I would like to approximate a symmetric matrix $X\in \mathbb{R}^{n\times n}$ by a matrix of rank no more than $r$, i.e., a matrix $Z=EE'$ where $E\in\mathbb{R}^{n\times r}$, for some given $r\leq n$.
Naturally, the following optimization problem arises:
$$ \begin{aligned} \mathsf{P}_0:\ \text{Min.}\ \|EE'-X\|_{F} \end{aligned} $$
which is equivalent to
$$ \begin{aligned} \mathsf{P}_1:\ &\text{Min.}\ \|Z-X\|_{F}\\ &\mathrm{rank}(Z) \leq r. \end{aligned} $$
Here $\|\cdot\|_F$ stands for the Frobenius norm.
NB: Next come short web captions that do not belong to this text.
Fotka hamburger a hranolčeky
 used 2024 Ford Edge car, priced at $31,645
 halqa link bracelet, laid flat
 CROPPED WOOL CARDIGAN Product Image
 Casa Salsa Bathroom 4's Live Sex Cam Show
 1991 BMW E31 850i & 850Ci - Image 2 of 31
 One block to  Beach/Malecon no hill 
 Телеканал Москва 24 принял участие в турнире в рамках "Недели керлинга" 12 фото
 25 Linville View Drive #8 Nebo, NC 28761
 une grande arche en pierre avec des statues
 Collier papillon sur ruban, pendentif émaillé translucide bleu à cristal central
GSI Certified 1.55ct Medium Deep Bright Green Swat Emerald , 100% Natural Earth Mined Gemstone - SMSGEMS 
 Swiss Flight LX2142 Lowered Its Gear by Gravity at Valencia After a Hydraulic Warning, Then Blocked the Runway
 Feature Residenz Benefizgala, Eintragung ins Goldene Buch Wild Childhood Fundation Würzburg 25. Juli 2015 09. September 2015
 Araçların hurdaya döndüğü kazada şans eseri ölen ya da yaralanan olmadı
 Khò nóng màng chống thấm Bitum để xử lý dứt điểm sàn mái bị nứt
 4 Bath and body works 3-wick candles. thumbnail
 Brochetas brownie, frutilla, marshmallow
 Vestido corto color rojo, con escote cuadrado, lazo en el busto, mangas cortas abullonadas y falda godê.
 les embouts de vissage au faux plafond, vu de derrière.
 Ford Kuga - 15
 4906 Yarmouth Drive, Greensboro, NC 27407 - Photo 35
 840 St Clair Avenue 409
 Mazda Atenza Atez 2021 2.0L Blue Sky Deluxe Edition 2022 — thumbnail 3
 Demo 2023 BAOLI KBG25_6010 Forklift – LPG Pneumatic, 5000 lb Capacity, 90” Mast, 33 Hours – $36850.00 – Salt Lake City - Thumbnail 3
I would like to approximate this problem with a convex relaxation. I believe that one possible approach would be to move the rank constraint into the cost function using the nuclear norm trying this way to force the rank of $X$ to be low:
$$ \begin{aligned} \mathsf{P}_2:\ &\text{Min.}\ \|Z-X\|_{F} + \mu \|Z\|_*. \end{aligned} $$
We would then try to solve with different values of $\mu>0$ until we obtain a solution which has rank no larger than $r$.
Another possible approach would be to formulate the following problem:
$$ \begin{aligned} \mathsf{P}_3:\ &\text{Min.}\ \|Z-X\|_{F}\\ &\|Z\|_* \leq \alpha, \end{aligned} $$
and choose $\alpha>0$ somehow so as to force the rank of $Z$ to be lower than $r$.
I was not able, however, to find an inequality that links the nuclear norm to the rank of a matrix and I am not sure there exists one - correct if I am wrong.
My questions are:
- Do $\mathsf{P}_2$ and $\mathsf{P}_2$ make sense?
- What are some other ways to approximately solve $\mathsf{P}_1$?